Most of our research and development never gets to see the light of day. We help our enterprise clients innovate in competitive spaces by taking on challenges. Some research projects run for days, while others can take months. We are making more of our internal research publicly available. We are looking to support marketing technology and demand generation teams who lean into challenges. Get in touch with Ryan Siddle (Email, Twitter or LinkedIn).
Abstract
Web crawling tools aim to replicate search engines’ crawling and rendering behaviours by implementing and using web rendering systems. This offers insights into what search engines might see when they are crawling and rendering web pages.
While there is no defined standard for an automated rendering process, popular search engines (e.g. Google, Bing, Yandex) render pages in isolated rendering sessions. This way, they avoid having the rendering of one web page affect the functionality or the content of another. Isolated rendering sessions should have isolated storage and avoid cross-tab talking.

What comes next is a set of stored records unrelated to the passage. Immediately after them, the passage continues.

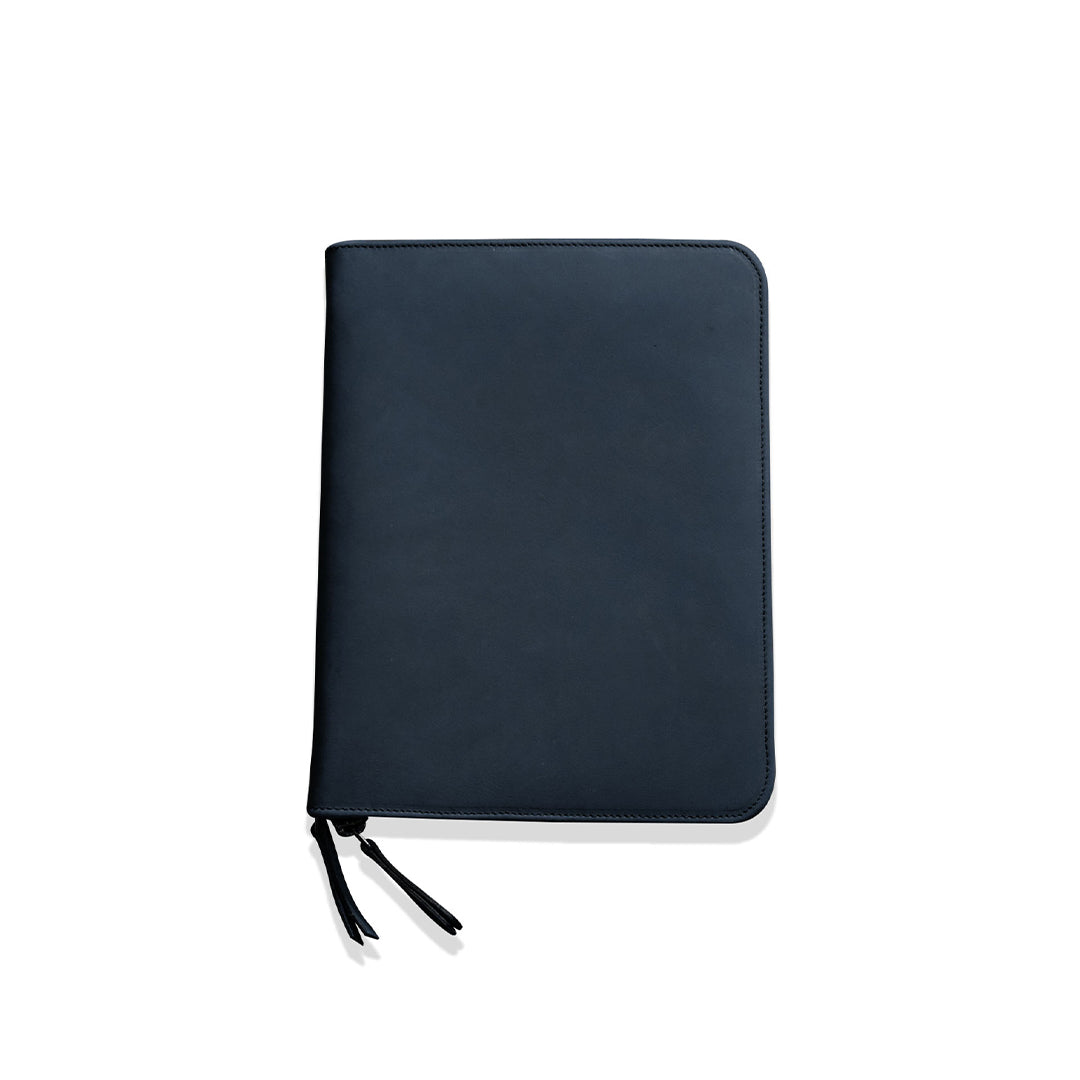 Premium A5 Blue Leather Endless Folio - Perfect for Journaling, Note-Taking & Business Meetings | Durable Vegan Leather Cover for Notebooks & Planners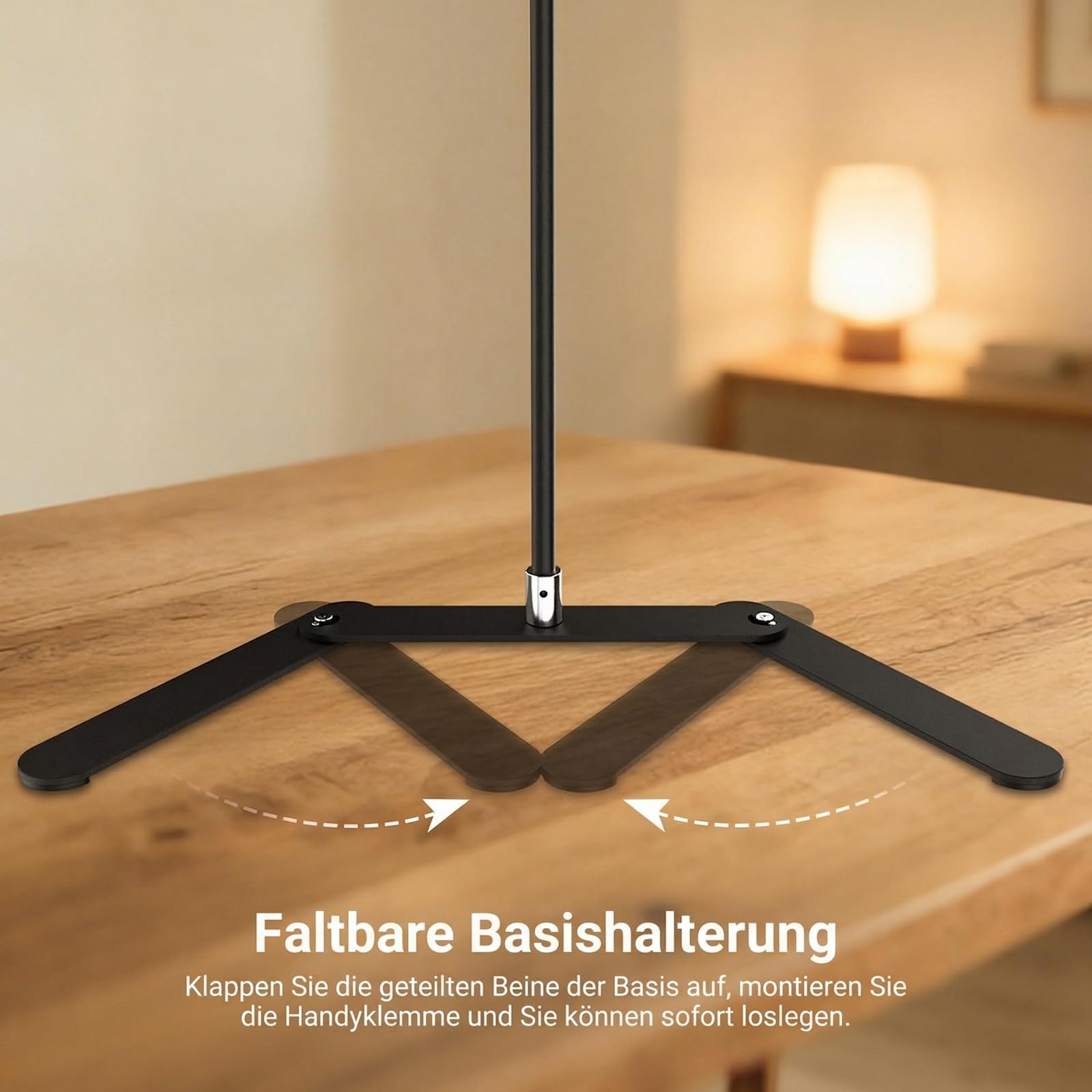 NEEWER Overhead Handystativ mit Doppelkugelkopf und schwenkbarem Boom Arm, stoßdämpfende Tischklemmen Handyhalterung Ständer mit klappbarem Sockel für Klavier Kochen Zeichnen Live Streaming, DS026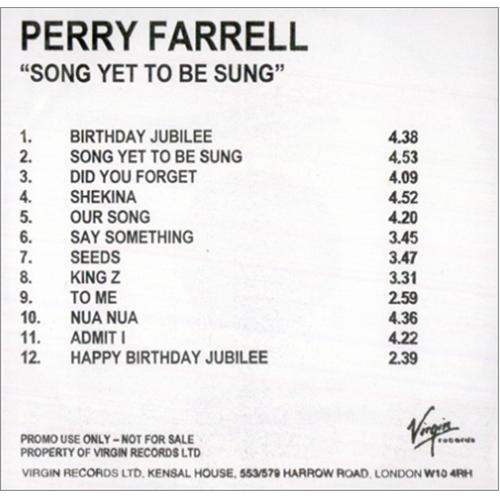 Click to view product details and reviews for Perry Farrell Song Yet To Be Sung 2001 Uk Cd R Acetate Cd Acetate.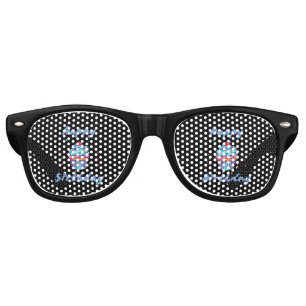 Happy Birthday Cupcake Confetti Party Retro Sunglasses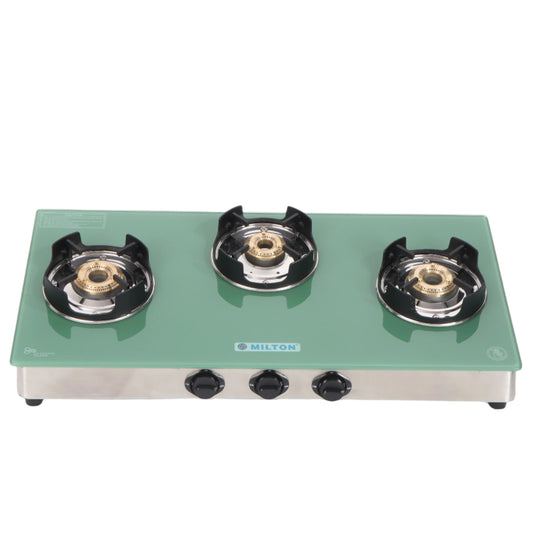 MILTON Crysto Toughened Glass Top Gas Stove 3 Burners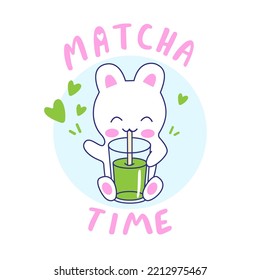 Kawaii vector bunny with matcha tea cup. Cute little rabbit and japanese green matcha tea. Inscription matcha time.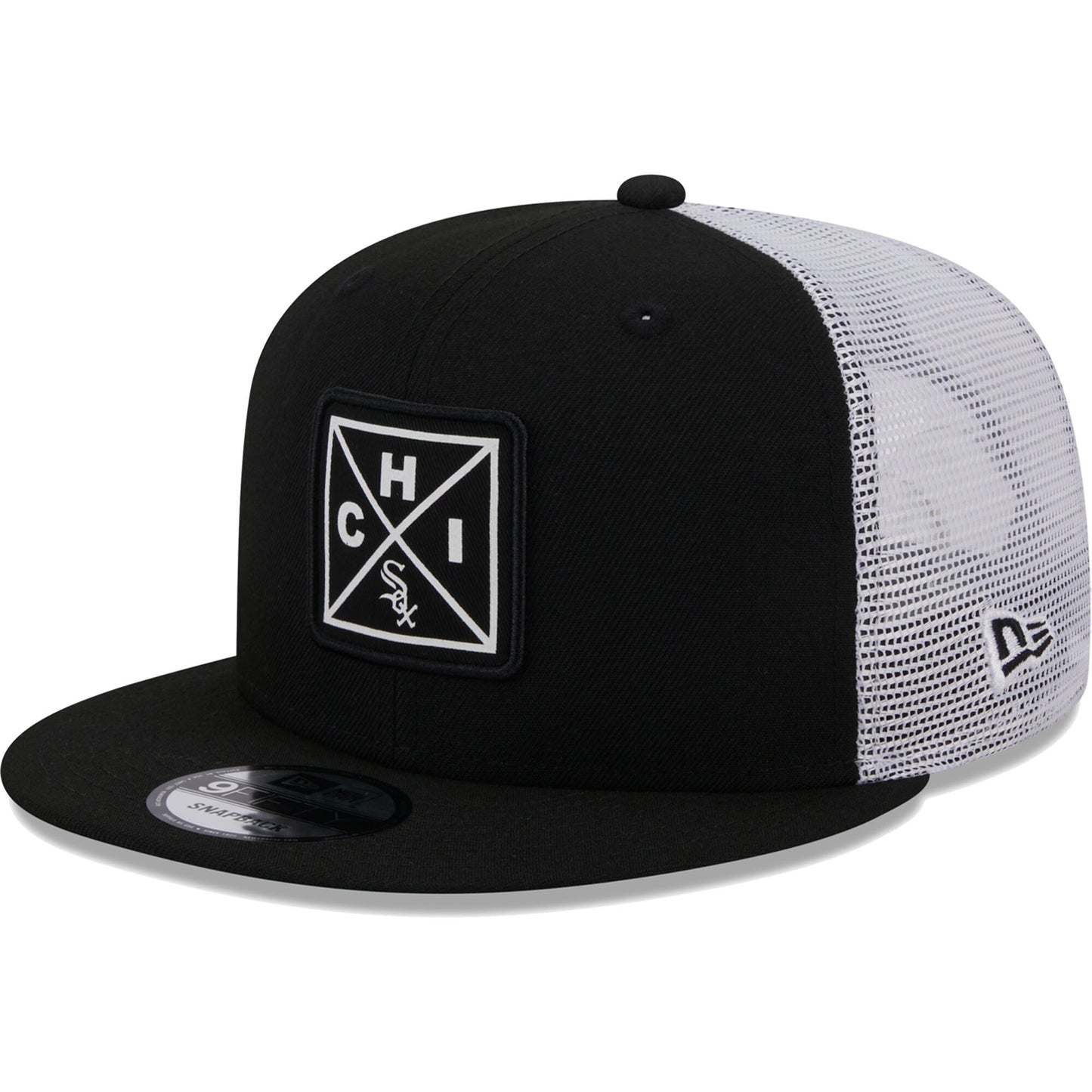 Chicago White Sox New Era Vert Squared Trucker 9FIFTY Snapback Hat - Black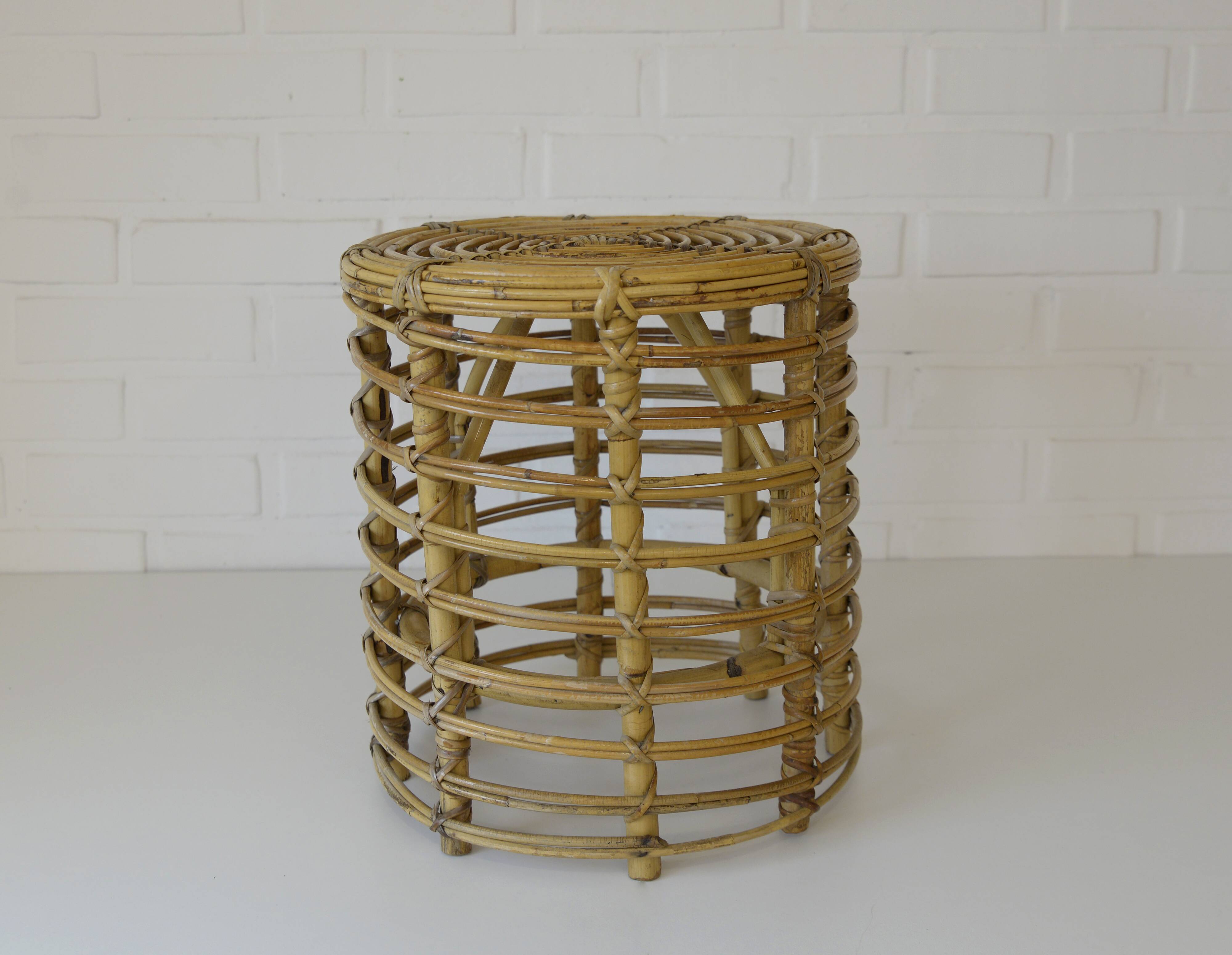Vintage bamboo stool rattan plant stand mid-century wicker side table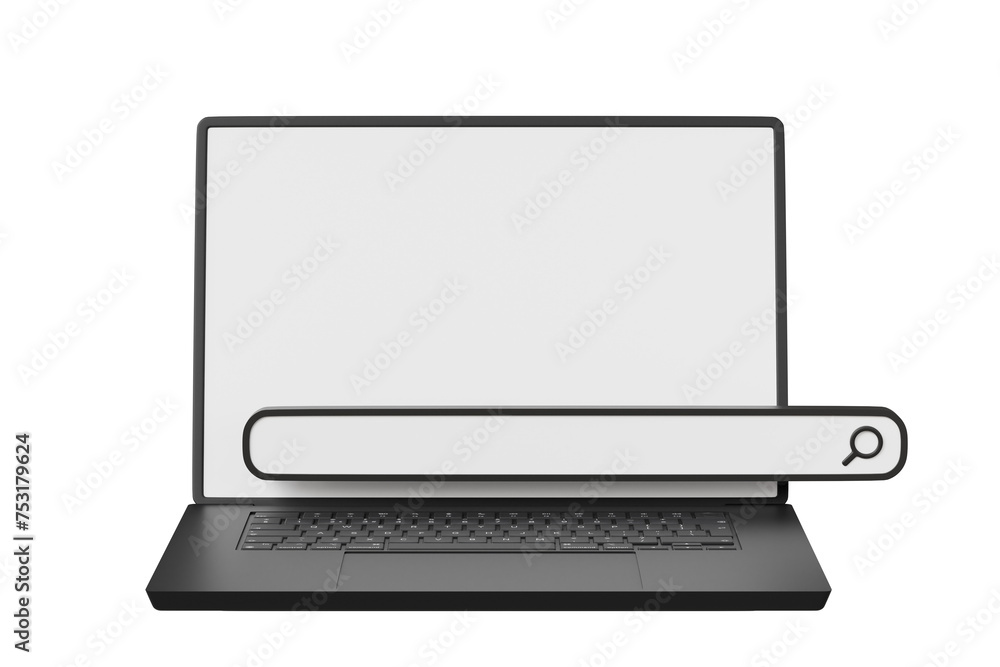Poster 3d laptop computer with search bar icon. navigation and search, seo internet marketing concept. web 
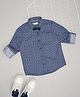 Pantaloons Junior Cotton Woven Full Sleeves Abstract Printed Shirt with Bow - Navy Blue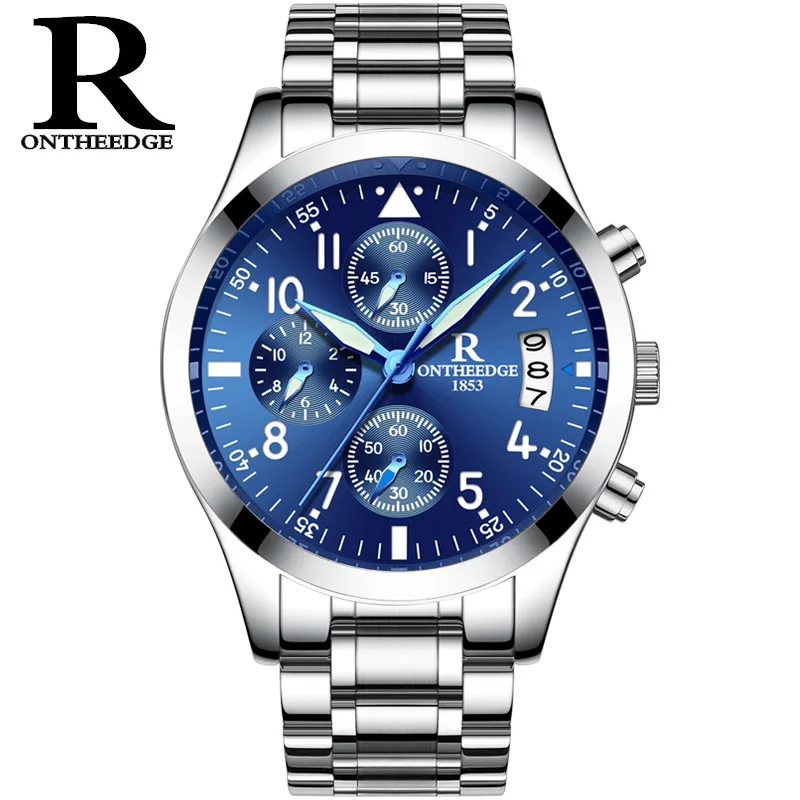 

Genuine quartz stainless steel luxury men's luminous waterproof small three-pin business watch wholesale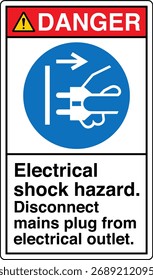 PERIGO Perigo de choque elétrico Desconectar a tomada da tomada elétrica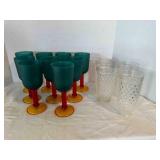 13 Poolside Plastic Wine Glasses & Plastic Hobnail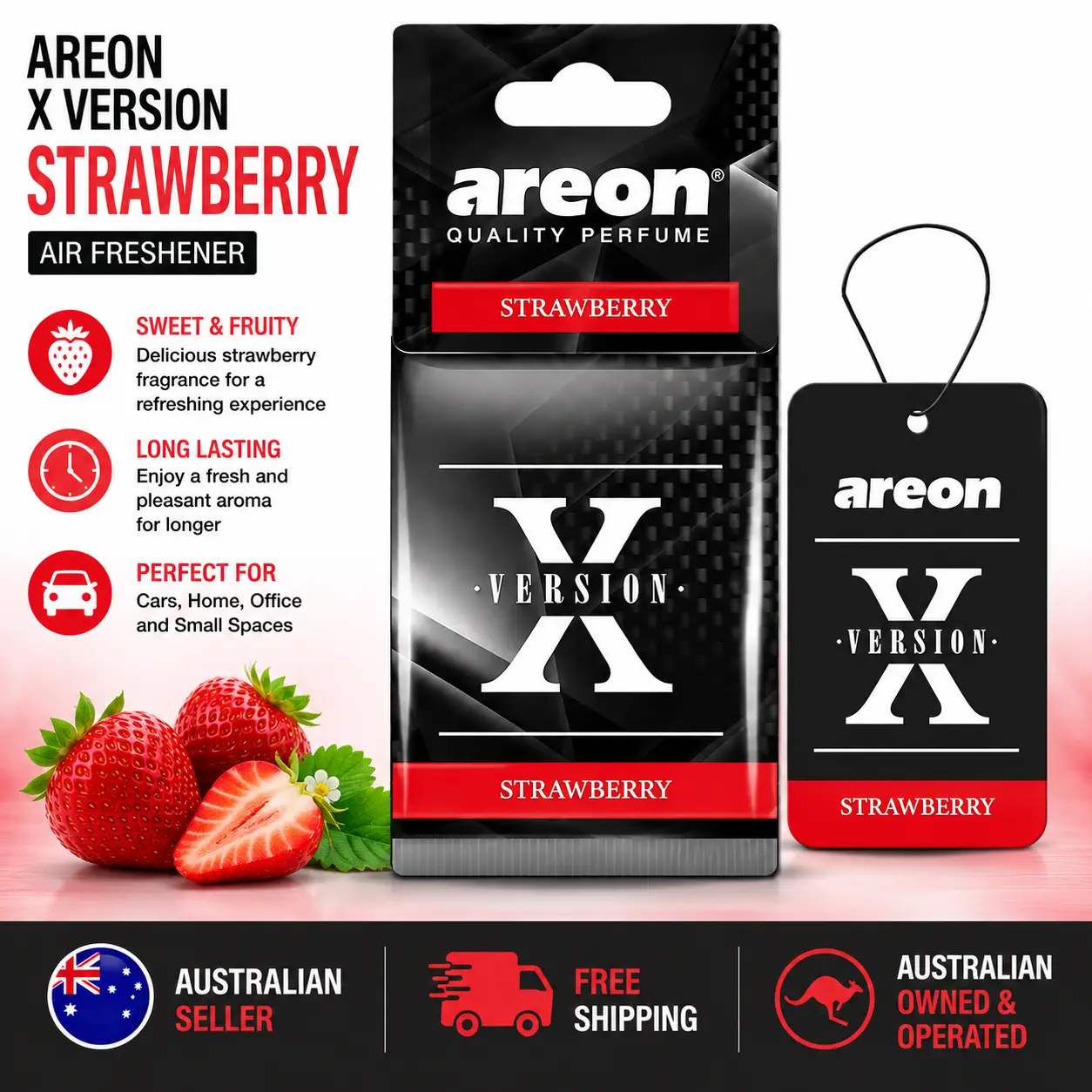 AREON Premium Car Air Freshener | Bubblegum, Coconut, Strawberry & Vanilla | Multiple Packs - Image 5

Web crawling tools which do not have isolated rendering sessions might render some web page elements inaccurately, which has three main implications:
- Lack of data integrity
- The rendered pages are not an accurate representation of what search engines will render and use
- Developers may waste time (and money) investigating issues which are not present
This research evaluates 14 web crawling tools’ rendering session isolation capabilities across a series of six tests to identify any potential issues and highlight improvement opportunities.
Session Isolation Primer
As new web rendering patterns got traction on the web, we moved from static HTML pages to more complex ways of rendering content. With the massive use of rendering patterns such as Client-Side Rendering and Progressive Hydration, search engines were somehow forced to start rendering web pages and retrieve almost as much content as the users would get with their browsers.
As such, they have developed their own web rendering systems, which are a piece of software that is able to render a large number of web pages by using automated browsers. Trying to keep up with the evolution of the web and somehow mimic search engines’ capabilities, many web crawling tools also started to build rendering systems.
Rendering is hard. There is no industry standard for rendering pages, which means that not even leading search engines such as Google with their Web Rendering Services are doing it in the “correct” way. Each rendering system is built to serve specific use cases, which results in inevitable tradeoffs.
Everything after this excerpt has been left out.